■ **Task prompt**
Using the records below, transcribe word for word the stretch from the line that contains "حامیان برنی سندرز" through the line that contains "Thumbnail 2 in", both end lines included, and nothing else.

■ **Data for this exercise**
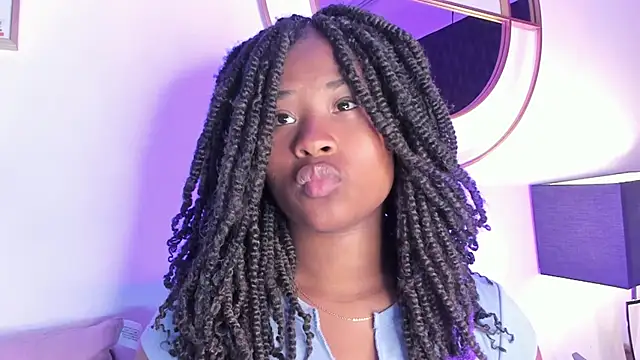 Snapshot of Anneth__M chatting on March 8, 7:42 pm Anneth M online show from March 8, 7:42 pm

---

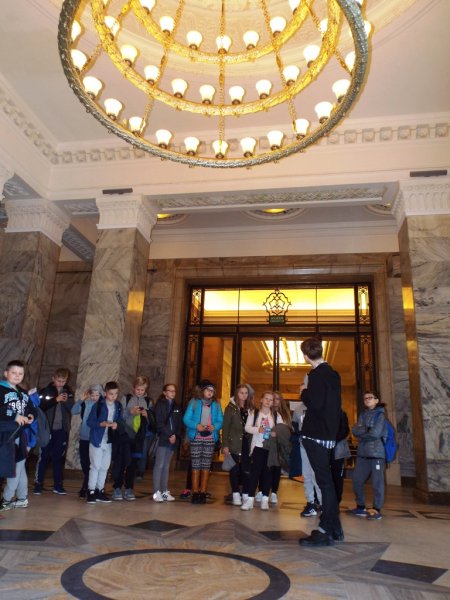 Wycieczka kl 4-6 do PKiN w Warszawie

==

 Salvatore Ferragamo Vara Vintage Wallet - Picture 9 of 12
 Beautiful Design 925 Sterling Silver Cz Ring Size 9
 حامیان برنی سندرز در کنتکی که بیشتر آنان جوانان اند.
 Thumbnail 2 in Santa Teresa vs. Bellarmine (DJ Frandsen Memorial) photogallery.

■ **Expected answer**
 حامیان برنی سندرز در کنتکی که بیشتر آنان جوانان اند.
 Thumbnail 2 in Santa Teresa vs. Bellarmine (DJ Frandsen Memorial) photogallery.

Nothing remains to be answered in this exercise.